Here's one you might not of heard of. Following the release of his best seller Silver Apples of the Moon, composer Morton Subotnick returns to studio to record his second experimental electronic release The Wild Bull in 1968. Subotnick at 35 years old is the first artist on Nonesuch records to get signed for a record commission. This isn't one of those albums you can pick apart song by song, rather you must digest "Part 1" on side 1 and "Part 2" on side 2. The inspiration is clear here with the title sharing the same name as the 1700 BC poem.
Oh, and did I mention this whole album is performed solely on electric synthesizers?
On the topic of the title name, Subotnick shares this: "The first side of this record was almost complete when I came across The Wild Bull. I was very impressed by the poem and quickly began to feel an affinity between the poem and the composition I was working on..."
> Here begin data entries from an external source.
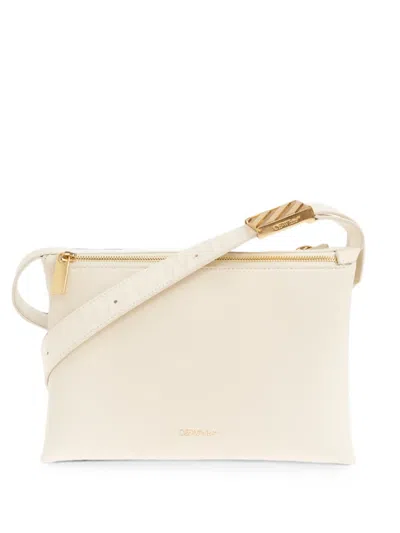 Off-white Sandbag 404 Leather Shoulder Bag In Pink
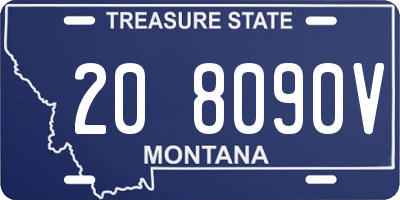 MT license plate 208090V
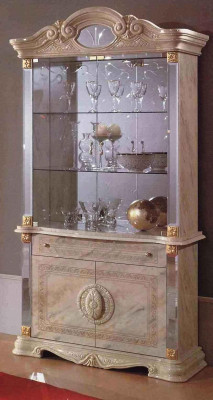 Vitrine de présentation de vitrine de magasin de luxe Armoire en verre Style moderne Bois Salon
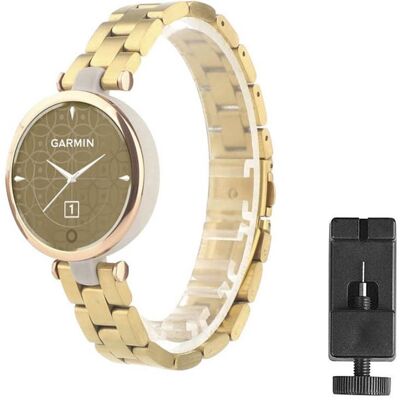 Kellon ranneke ruostumatonta terästä Garmin Lily - Kulta Kellon ranneke ruostumatonta terästä Garmin Lily - Kulta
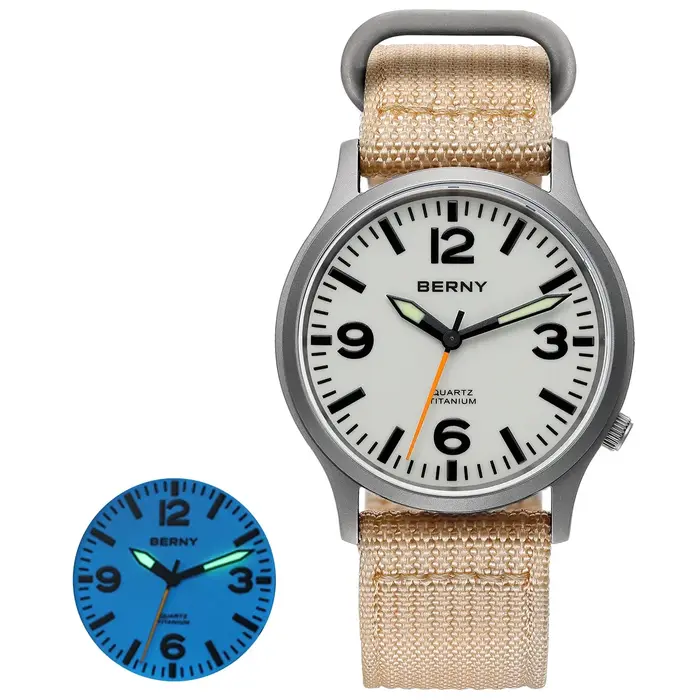 Montres BERNY en titane pour hommes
"Part 1" starts off very quiet, roughly 30 seconds of silence before anything starts. Then the synths come in quiet and slowly work up to more noise, there's almost a beat that is made from the sounds of the board. The sounds pierce your ears at times and sporadically beep and boop until the sounds start to die down near the end of side 1. This isn't just anyone messing with electronic synths, Subotnick founded several tape related organizations including the Mills College Performing Group and the San Francisco Tape Music Center. This is definitely an album you need to digest more than once to understand.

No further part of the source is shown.